Bold Types: Council is a big draw As originally appearing in The Boston Globe
By Jon Chesto
Jim Brett likes to think of the New England Council’s annual dinner as his group’s report card, in part because it’s also the organization’s main fund-raiser, covering more than a third of its $5 million annual budget.
So it looks like Brett and his eight-person staff may have earned an “A.” He said nearly 1,700 people attended the annual meeting last week at the Seaport Hotel and World Trade Center.
“They really stepped up to the plate,” Brett says.
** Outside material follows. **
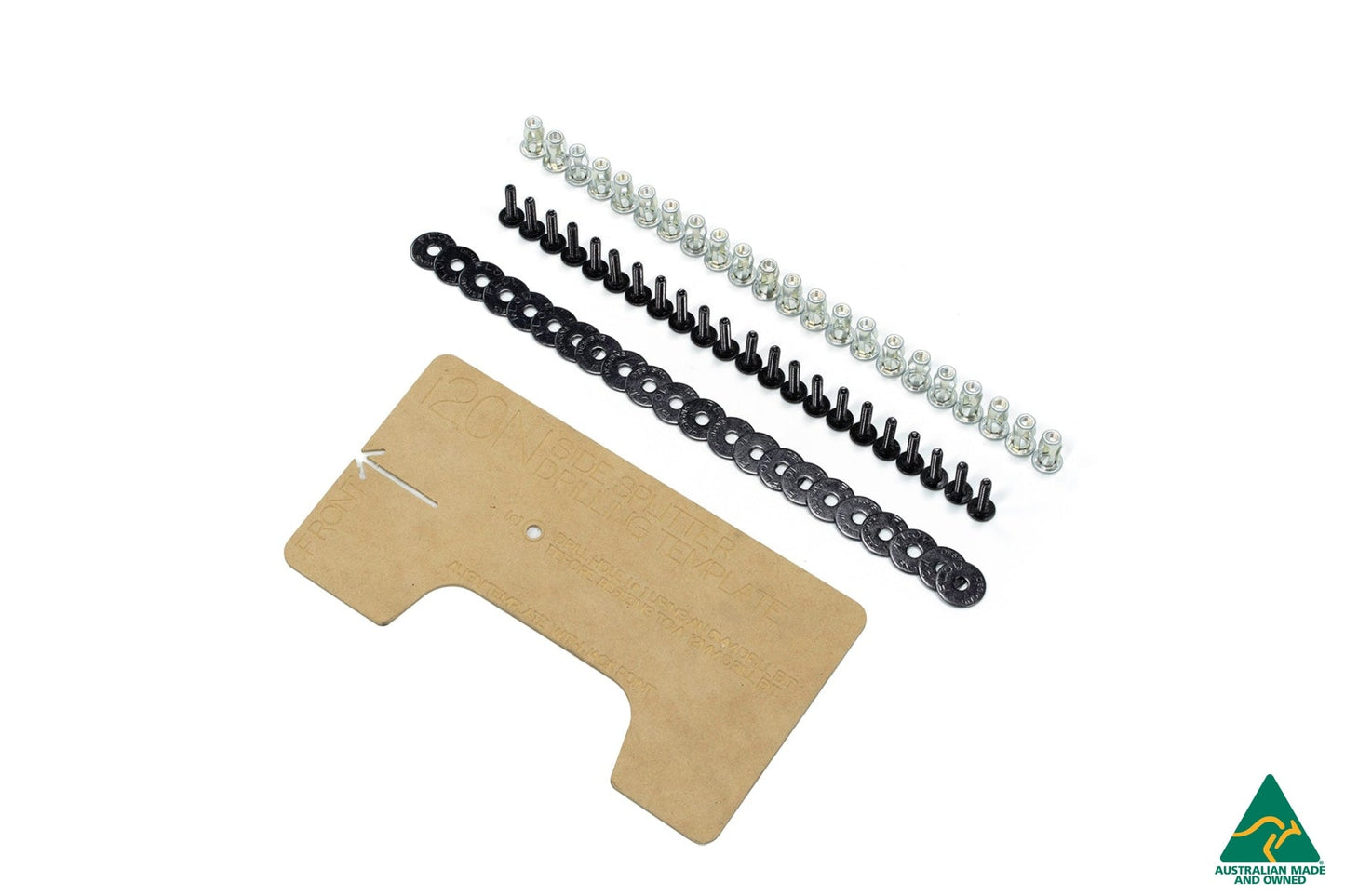 Flow Designs i20 N BC3 Side Skirt Splitters (Pair)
The council honored another round of “New Englanders of the Year.” Here’s the Class of 2018: Vertex Pharmaceuticals CEO Jeff Leiden; retiring congresswoman Niki Tsongas; General Joseph F. Dunford, chairman of the Joint Chiefs of Staff (and a Quincy native); and retired Army Staff Sergeant Travis Mills, a quadruple amputee whose Maine foundation helps injured veterans.
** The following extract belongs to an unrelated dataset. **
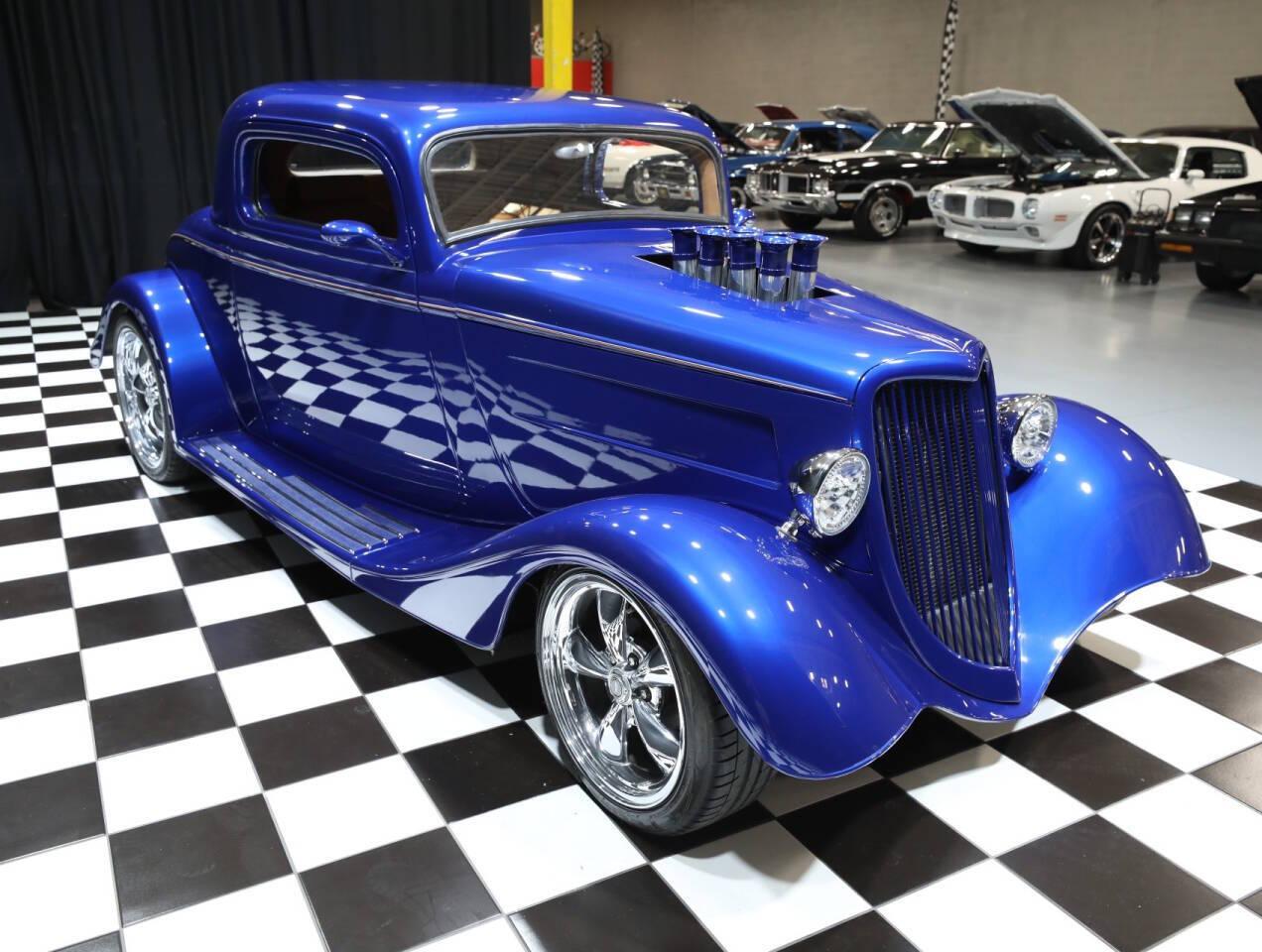 1933 Ford Coupe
Brett says the event draws people from all over New England and from all corners of the region’s economy. “It’s all of New England coming together,” Brett says. “That’s what makes it special.”
Meanwhile, the council’s board of directors welcomed some new faces: Mo Cowan, General Electric’s president of global government affairs and policy; John Pantano, alliance director at Philips Healthcare; Kevin Rasch, vice president of government affairs at Harvard Pilgrim HealthCare; Peter Sherlock, chief operating officer at MITRE Corp.; and Alison Weiss, head of federal government relations at MassMutual.
The board added two board seats to accommodate Sherlock and Weiss. Cowan replaces GE’s Alex Dimitrief; Pantano takes over for Laurel Sweeney, who left Philips earlier this year; and Rasch replaces former CEO Eric Schultz, who abruptly departed Harvard Pilgrim in June.